B3BPFN is a reproducible repository for blood-brain barrier-penetrating peptide (BBBP) prediction. The current pipeline combines ESM2 sequence embeddings, iFeatureOmega physicochemical descriptors, mutual-information-based feature selection, and a TabPFN classifier.
The repository includes:
- the curated benchmark dataset used in the current experiments
- the training script for rebuilding the model pipeline
- the inference script for scoring new peptide sequences
- the exported preprocessing objects and trained classifier
The released workflow follows four stages:
- Encode peptide sequences with
facebook/esm2_t33_650M_UR50D. - Extract handcrafted descriptors with
iFeatureOmegaCLI. - Fuse features, remove constant dimensions, standardize them, and keep the top 700 features with mutual information.
- Train a
TabPFNClassifieron an undersampled training set and apply the saved threshold for final prediction.
Current benchmark scale in this repository:
- Positive peptides:
426 - Negative peptides:
6865 - Feature space before selection:
2121 - Retained features:
700
Reported performance from the current internal benchmark:
- Sensitivity:
0.9294 - Specificity:
0.8824 - Accuracy:
0.9059 - MCC:
0.8127 - AUROC:
0.9460
B3BPFN/
├── data/
│ ├── all_negative.fasta
│ └── all_positive.fasta
├── models/
│ ├── kbest_selector.pkl
│ ├── optimal_threshold.txt
│ ├── standard_scaler.pkl
│ ├── tabpfn_classifier.pkl
│ └── variance_selector.pkl
├── tests/
│ └── test_predict_cli.py
├── predict_peptide.py
├── train_peptide_final.py
└── README.md
This project is intended to run on a Linux server or a compute node with a configured Python environment. At minimum, you will need:
- Python 3.10 or newer
numpypandastorchjoblibscikit-learntransformerstabpfniFeatureOmegaCLI
Notes:
- The ESM2 backbone is loaded from Hugging Face on first use.
- Training and large-batch inference are best run on a GPU-enabled server.
iFeatureOmegaCLIinstallation can vary by environment; follow your server setup conventions if you already maintain a shared bioinformatics stack.
The benchmark data are stored in FASTA format:
data/all_positive.fasta: curated BBB-penetrating peptidesdata/all_negative.fasta: curated non-BBB-penetrating peptides
The current training script builds a balanced test set by holding out 20% of the positive peptides and sampling the same number of negatives.
Run training from the repository root:
python3 train_peptide_final.pyThe script will:
- read the FASTA files under
data/ - extract ESM2 and iFeatureOmega features
- perform variance filtering, scaling, and top-700 feature selection
- undersample the negative class to a 1:5 positive-to-negative ratio
- train the TabPFN classifier
- write the resulting artifacts to
models/
Prepare an input FASTA file such as:
>pep_1
RRWQWRMKKLG
>pep_2
ACDEFGHIKLMNP
Then run:
python3 predict_peptide.py -i input.fasta -o bbb_predictions.csvOptional arguments:
-m, --model_dir: path to the saved model directory, default ismodels-o, --output: output CSV path, default isbbb_predictions.csv
The output CSV contains:
IDSequenceProbabilityPrediction(BBB+orBBB-)

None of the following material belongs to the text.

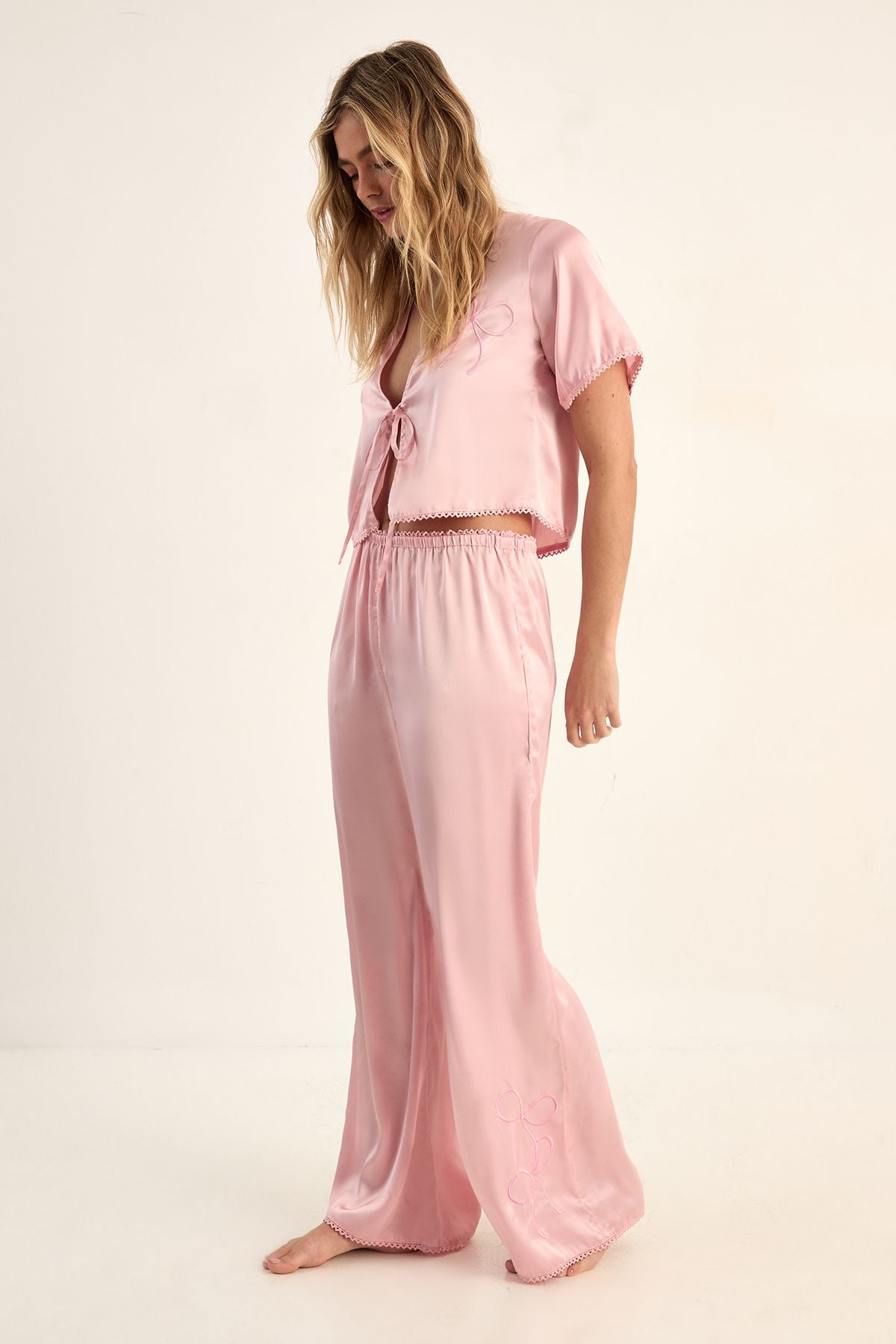 https://mediahub.prettylittlething.com/bgg27938_pink_xl_2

- The training script uses a fixed random seed of
42. - The exported objects in
models/are the exact preprocessing and classification artifacts used by the inference script. tabpfn_classifier.pklis tracked with Git LFS because of its size.
This repository currently includes a lightweight regression test to ensure that the default inference model path stays aligned with the published repository layout:
python3 -m unittest tests/test_predict_cli.pyThis repository is being prepared as a code release first. Paper metadata, citation information, and author details are intentionally omitted at this stage.